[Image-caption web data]
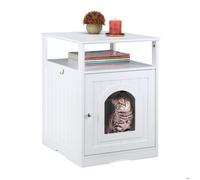 Relaxdays Meuble chat, large entrée, avec étagère, trous d’aération sur face arrière, HLP 64 x 48 x 53 cm, grotte, blanc
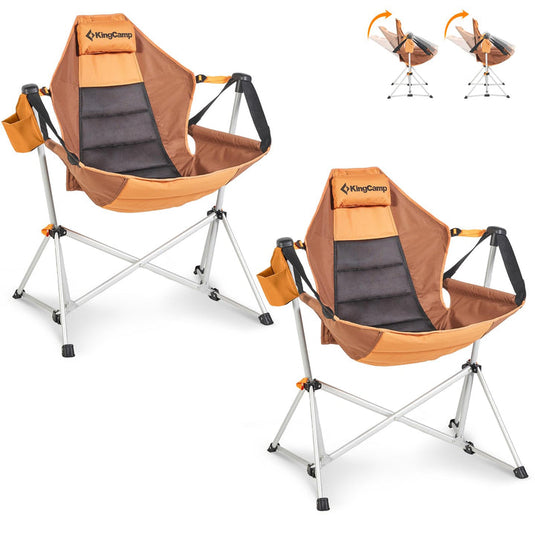 KingCamp Portable Swing Recliner Chair with Pillow
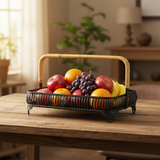 Iron Rectangle Fruit Basket Black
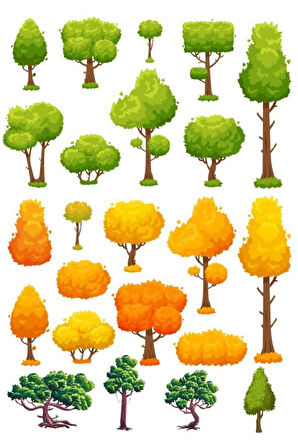 Ağaçlar sticker Set-2 15 Parça Telefon, Tablet, Defter, Laptop Sticker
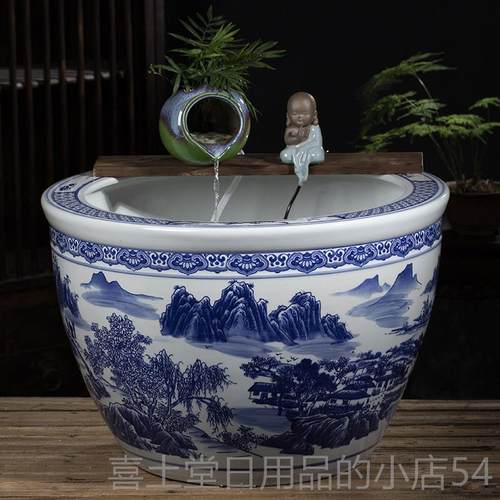 高档型陶流水罐喷泉鱼缸陶水瓷循环造景古法鱼缸客厅阳台落地大水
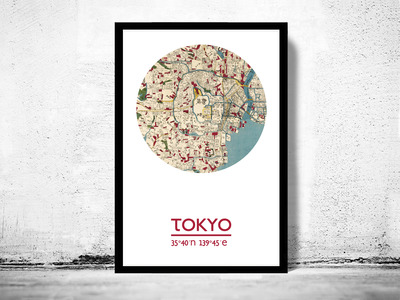 TOKYO - city poster - city map poster print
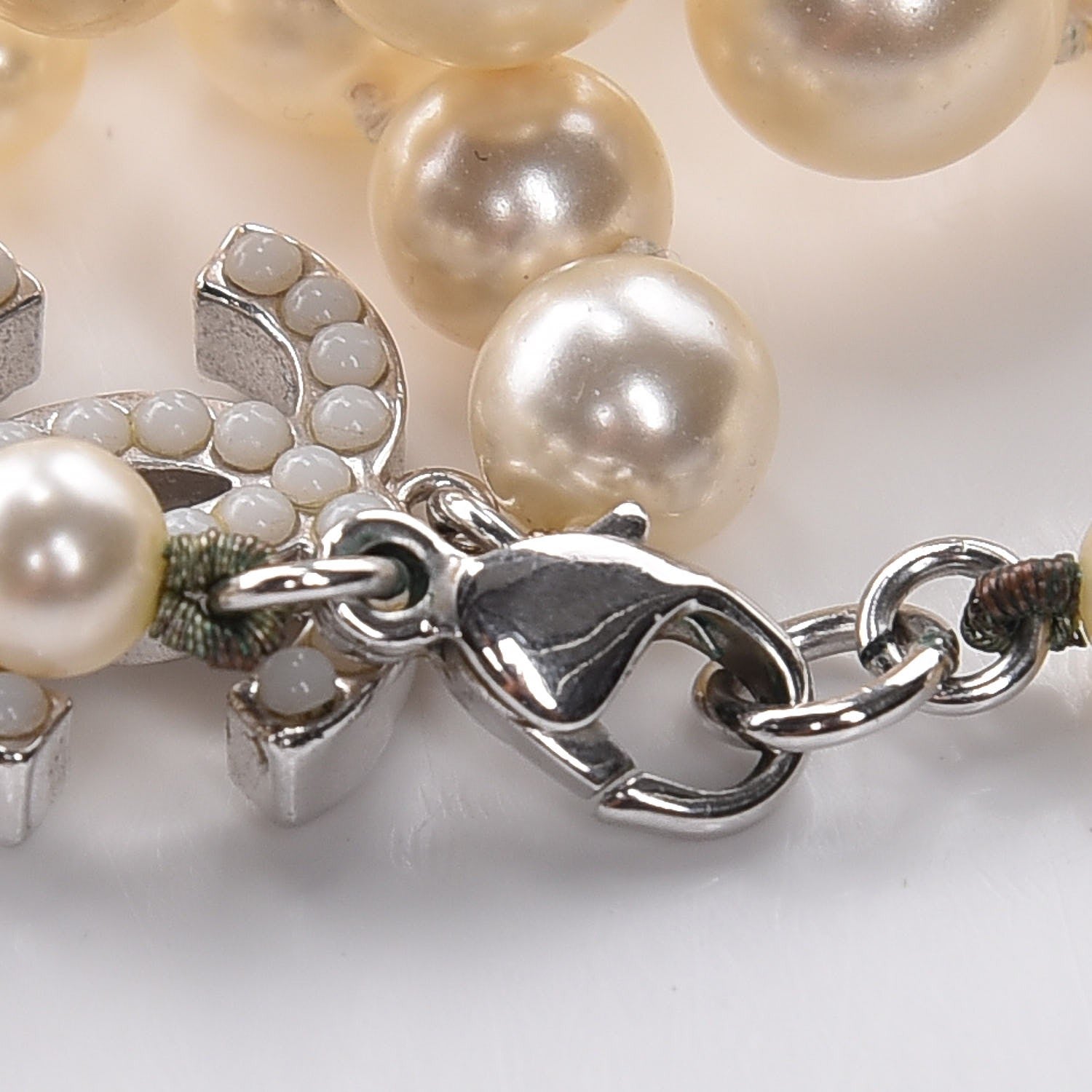 Chanel Pearl CC Long Necklace Silver 4 of 4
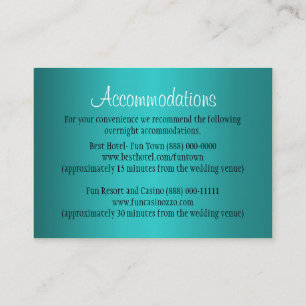 Alojamento de Casamento Teal - Cartões de Recepção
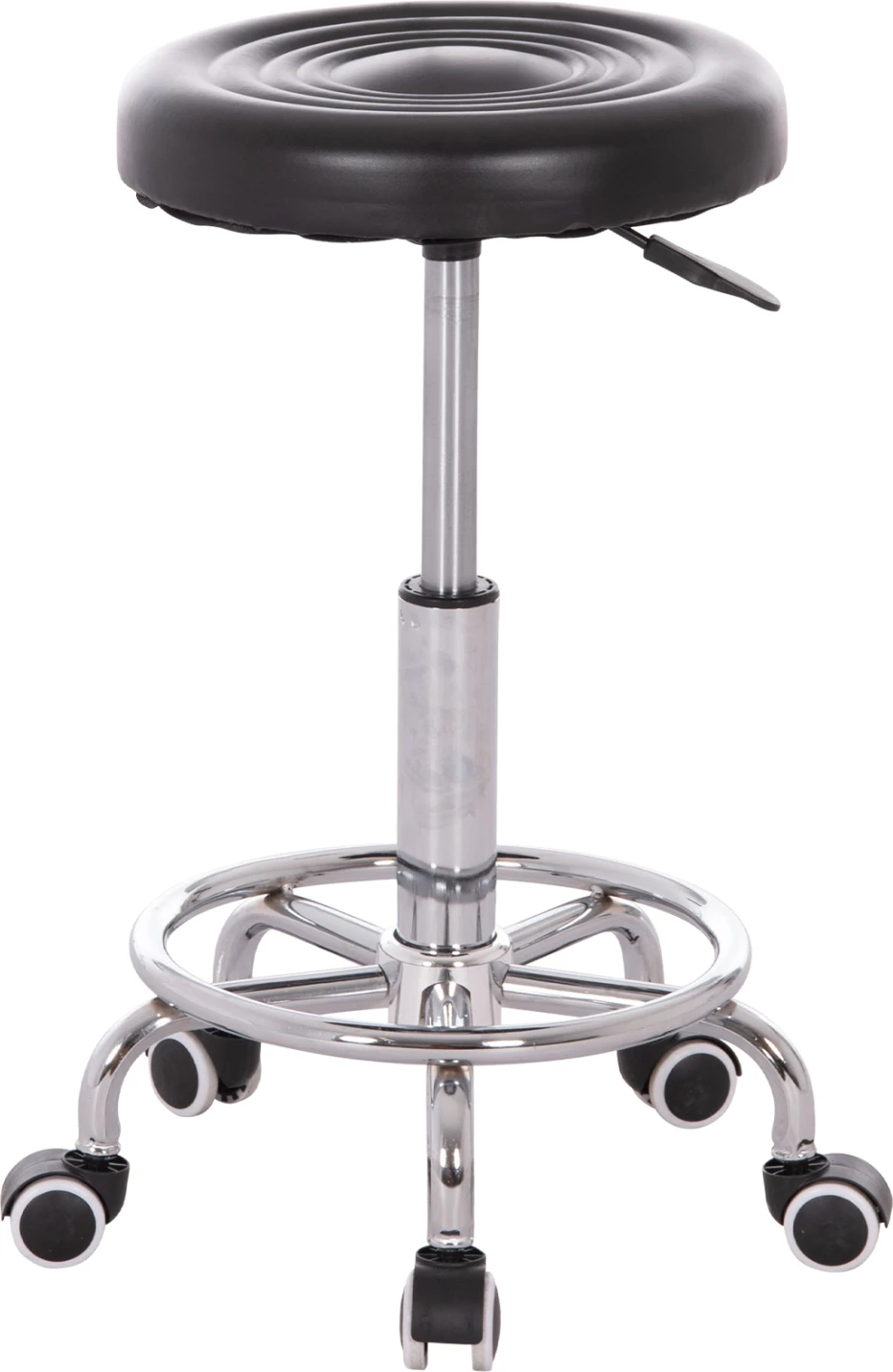 Tabure rrotullues për zyre IRIS, lëkurë artificiale e zezë, set prej 2 copë, FH212.21, Φ32x45-60cm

## [Task item]
The full text of the data above, exact and without pictures, is what to return.

## [Solution to this problem]
 Relaxdays Meuble chat, large entrée, avec étagère, trous d’aération sur face arrière, HLP 64 x 48 x 53 cm, grotte, blanc
 KingCamp Portable Swing Recliner Chair with Pillow
 Iron Rectangle Fruit Basket Black
 Ağaçlar sticker Set-2 15 Parça Telefon, Tablet, Defter, Laptop Sticker
 高档型陶流水罐喷泉鱼缸陶水瓷循环造景古法鱼缸客厅阳台落地大水
 TOKYO - city poster - city map poster print
 Chanel Pearl CC Long Necklace Silver 4 of 4
 Alojamento de Casamento Teal - Cartões de Recepção
 Tabure rrotullues për zyre IRIS, lëkurë artificiale e zezë, set prej 2 copë, FH212.21, Φ32x45-60cm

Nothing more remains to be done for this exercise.